[Problem requirements] Once you reach the line with "Junger Mann mit Haus aus Geldscheinen" in the material below, copy each line exactly up to and including the line with "Fototapeta na wymiar", and skip the pictures.

*** Exercise input ***

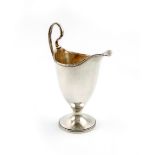 A George III silver cream jug, by Robert Hennell, London 1802, helmet form, beaded borders and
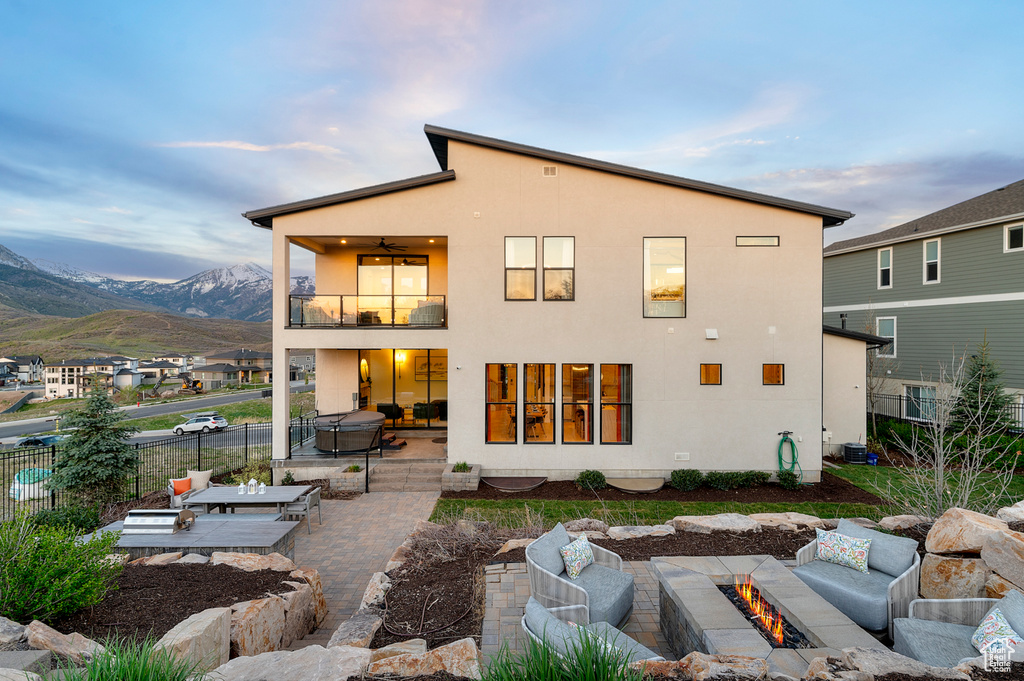 Back of house with a balcony, a patio area, an outdoor living space with a fire pit, and stucco siding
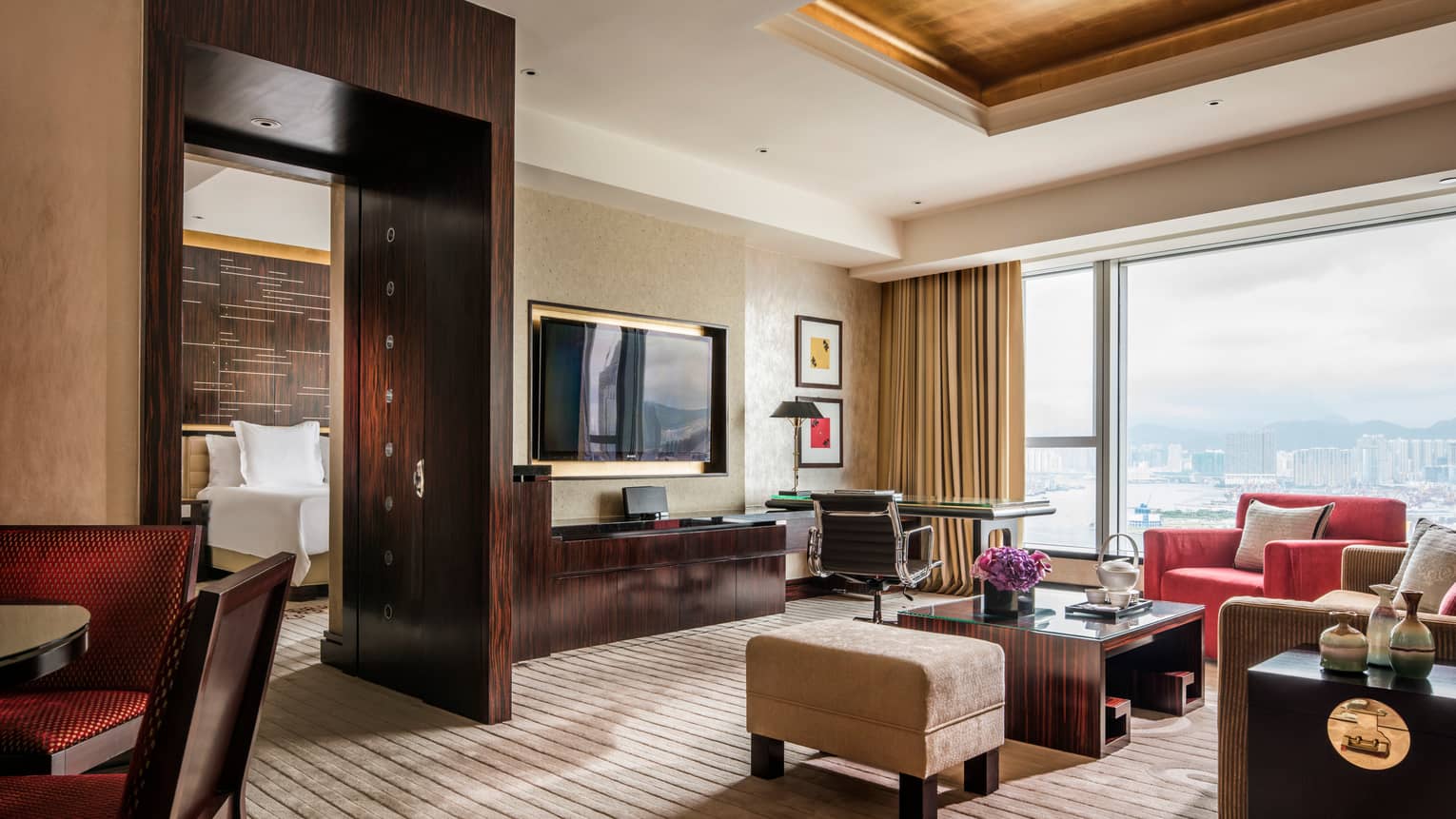 Harbour-View Suite living room with dark wood accents, sunny window, separate bedroom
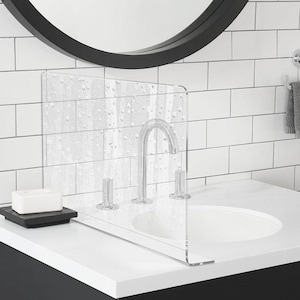 May include: A clear acrylic sink splash guard with water droplet details. The guard is positioned on a white countertop, next to a faucet and a white sink. A black soap dish with a white bar of soap is on the counter.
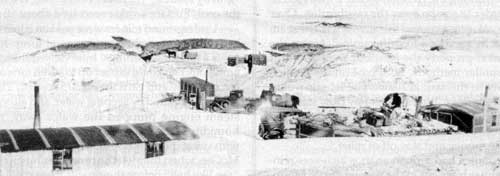 A 1933 photograph depicting the George Cain coal mine at left and across the fence the Nestibo mine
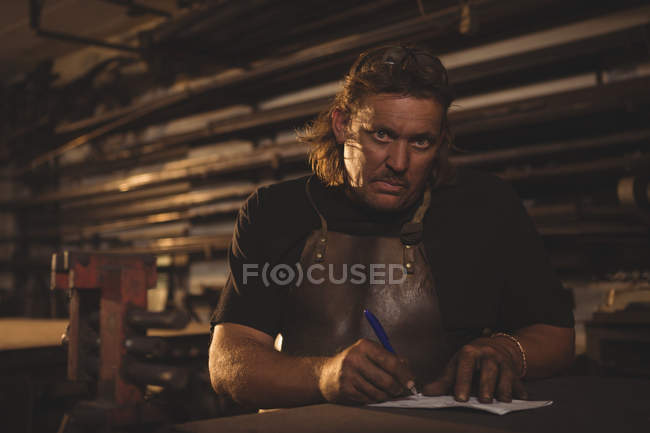 Retrato del herrero preparando notas en el taller - foto de stock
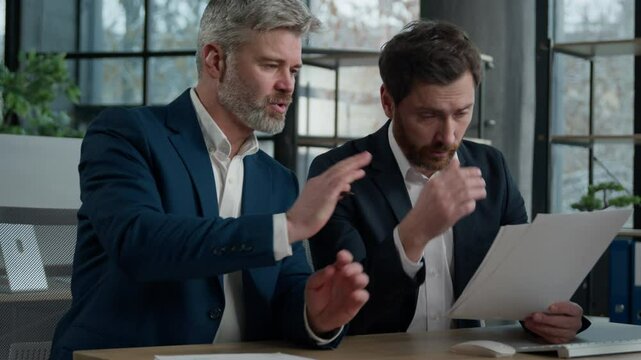 Two Caucasian men businessmen business partners argue in office meeting discussing bad project conflict failure failed contract mistake in financial papers illegal documents dissatisfied work result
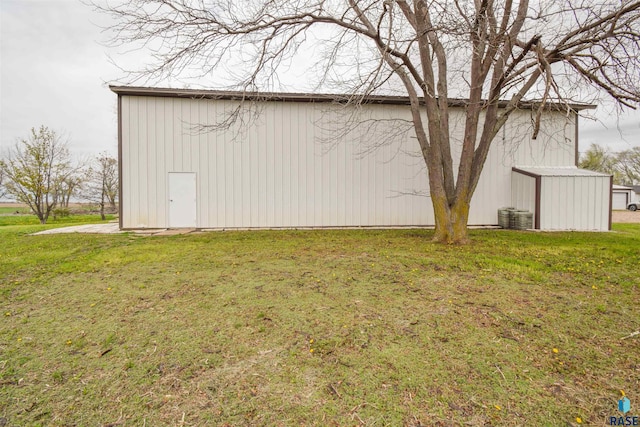 view of home's exterior featuring cooling unit, an outbuilding, and a yard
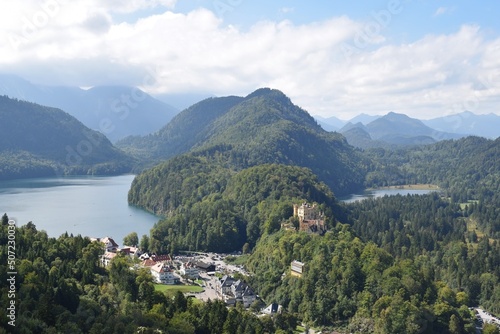 Panoramic view from Neuschwanstein castle at southern Bavaria. Forest, hills and lakes and the Hohenschwangau Castle at the horizon. Bavaria, Germany, September 2021 © ILIAS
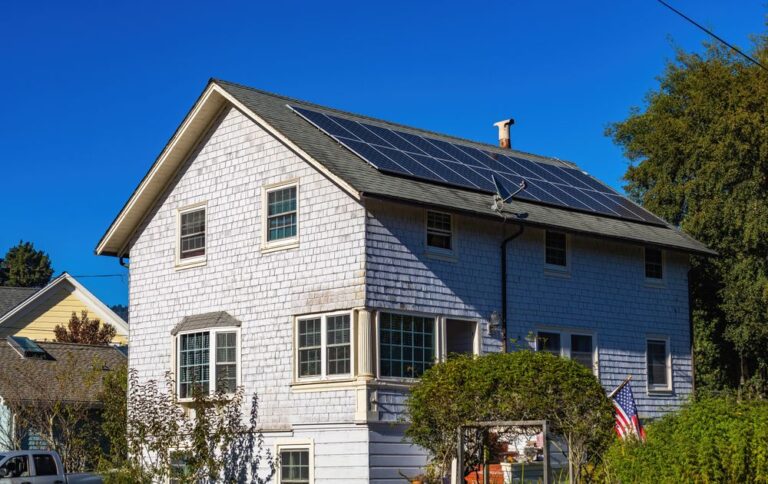 Two-storey home with solar panels on its roof under a clear sky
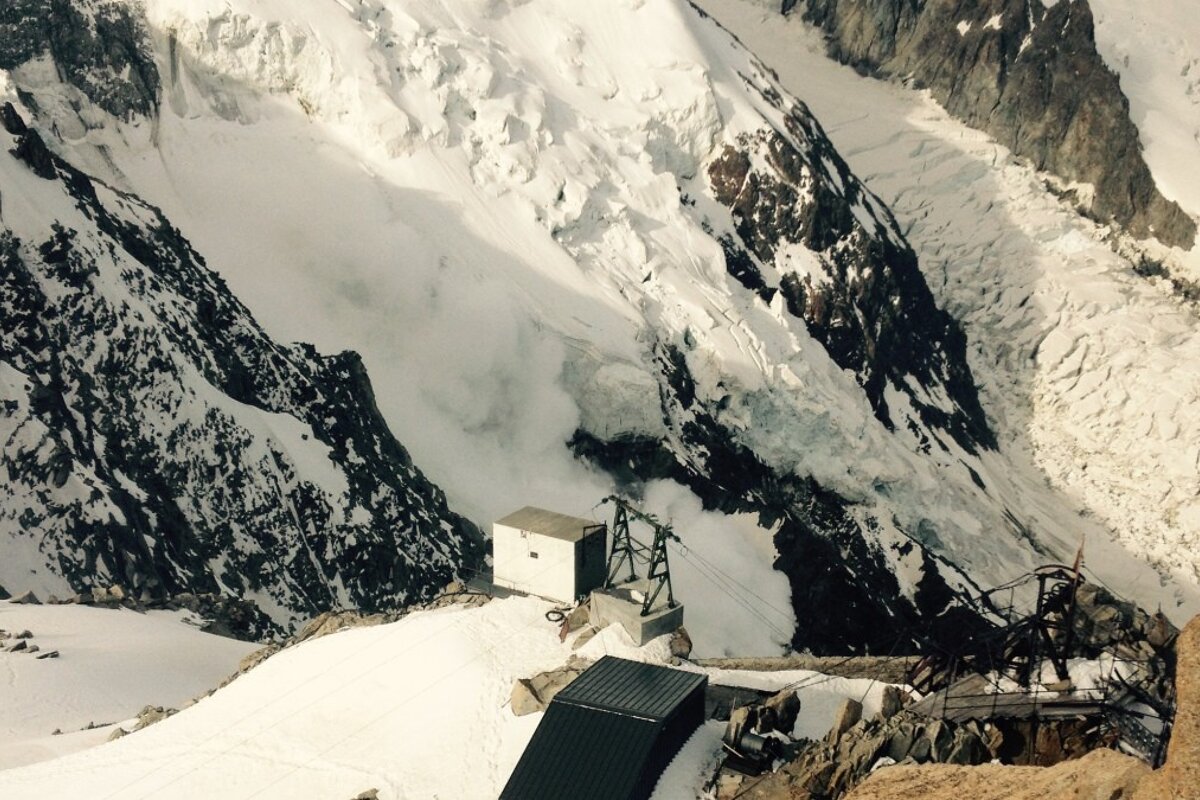 A snowy mountain with a black building in the foreground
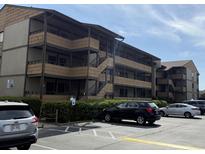 A view of the condo building's exterior with a parking lot and neatly trimmed hedges at 9501 Shore Dr. # D-237, Myrtle Beach, SC 29572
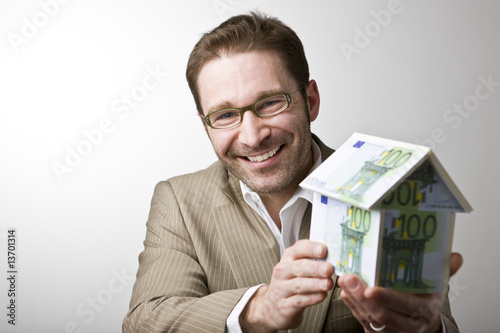 Junger Mann mit Haus aus Geldscheinen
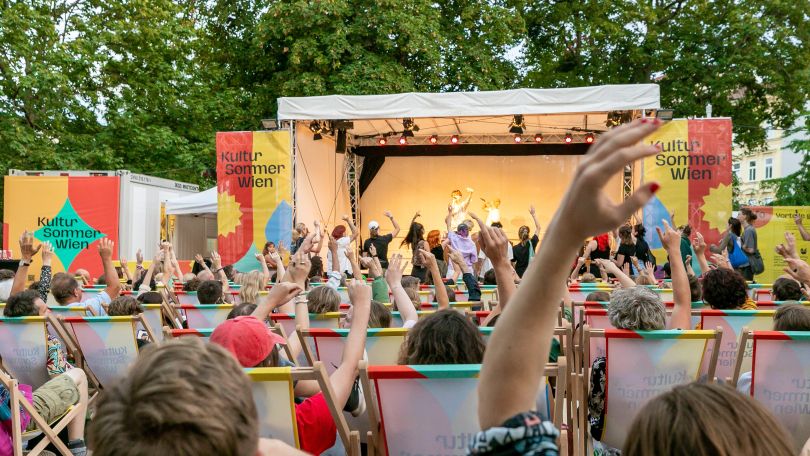 copyright: Judith Stehlik Bühne mit drei bunten "Kultursommer Wien" Bannern. Auf der Bühne stehen zwei Personen mit Mikrofon und heben eine Hand in die Luft, das Publikum macht mit. Vorne stehen Erwachsene, hinten sitzen auch Menschen in Liegestühlen.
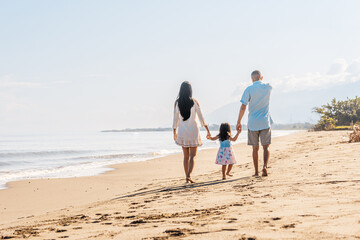 Fototapeta na wymiar A family together walking on the beach.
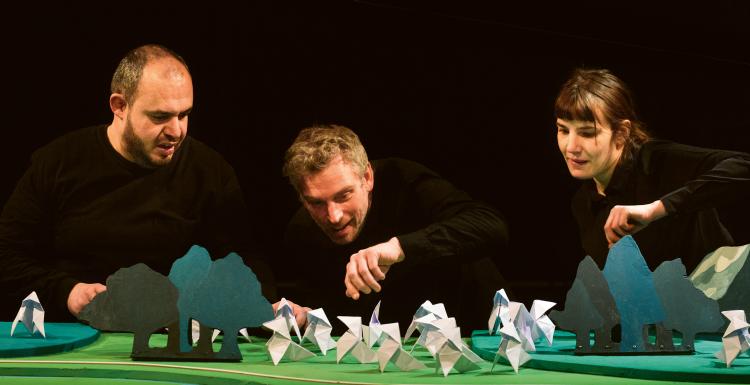 Photo d'une femme et deux hommes jouant avec des cocottes en papier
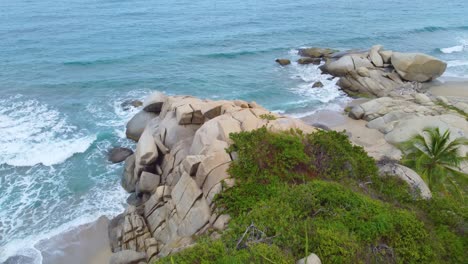 Rocky-coastline-with-foamy-ocean-waves-in-Colombia,-aerial-drone-view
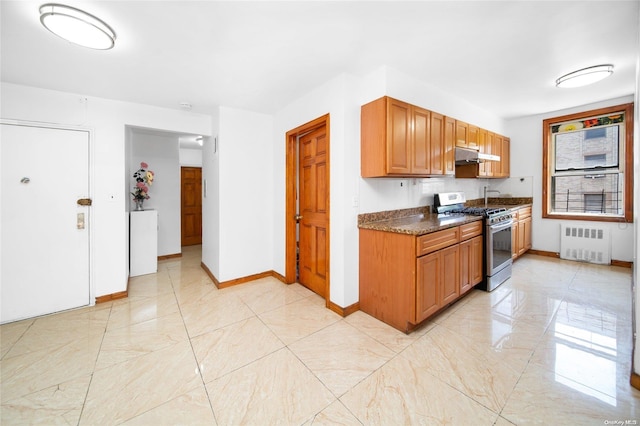 kitchen with gas stove, dark stone countertops, and radiator heating unit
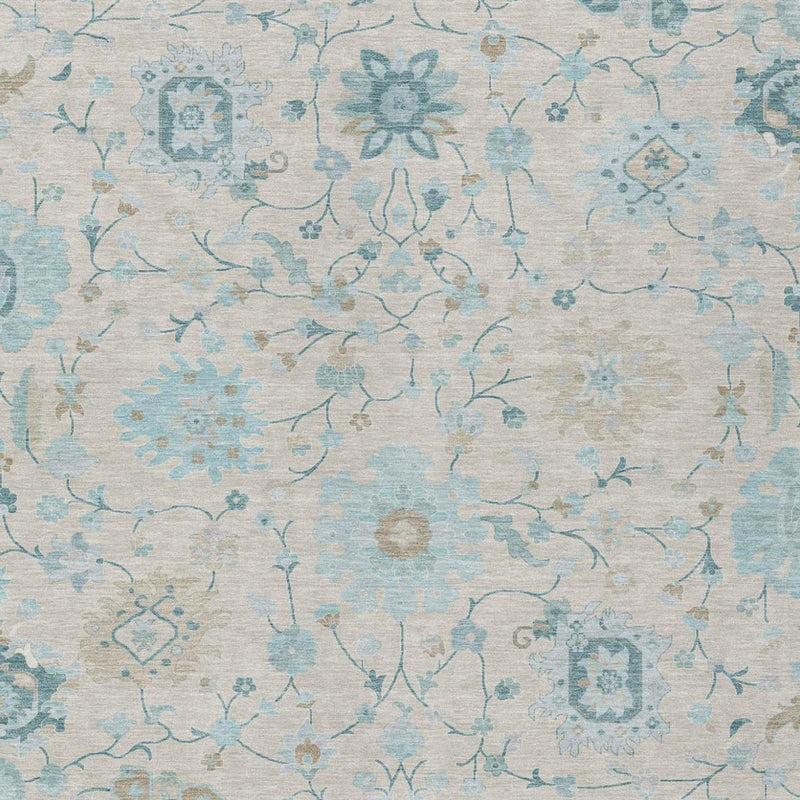 Light blue and ivory floral area rug with distressed vines and ornamental motifs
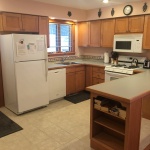 A kitchen with wooden cabinets and white appliances.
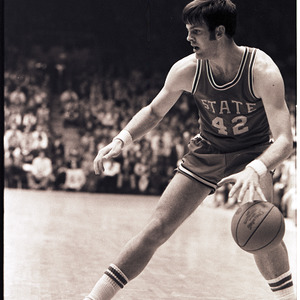 Basketball player at NC State versus UNC-Chapel Hill game, circa 1969-1975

*** End of Exercise input ***

[Answer to the problem]
 Junger Mann mit Haus aus Geldscheinen
 copyright: Judith Stehlik Bühne mit drei bunten "Kultursommer Wien" Bannern. Auf der Bühne stehen zwei Personen mit Mikrofon und heben eine Hand in die Luft, das Publikum macht mit. Vorne stehen Erwachsene, hinten sitzen auch Menschen in Liegestühlen.
 Fototapeta na wymiar A family together walking on the beach.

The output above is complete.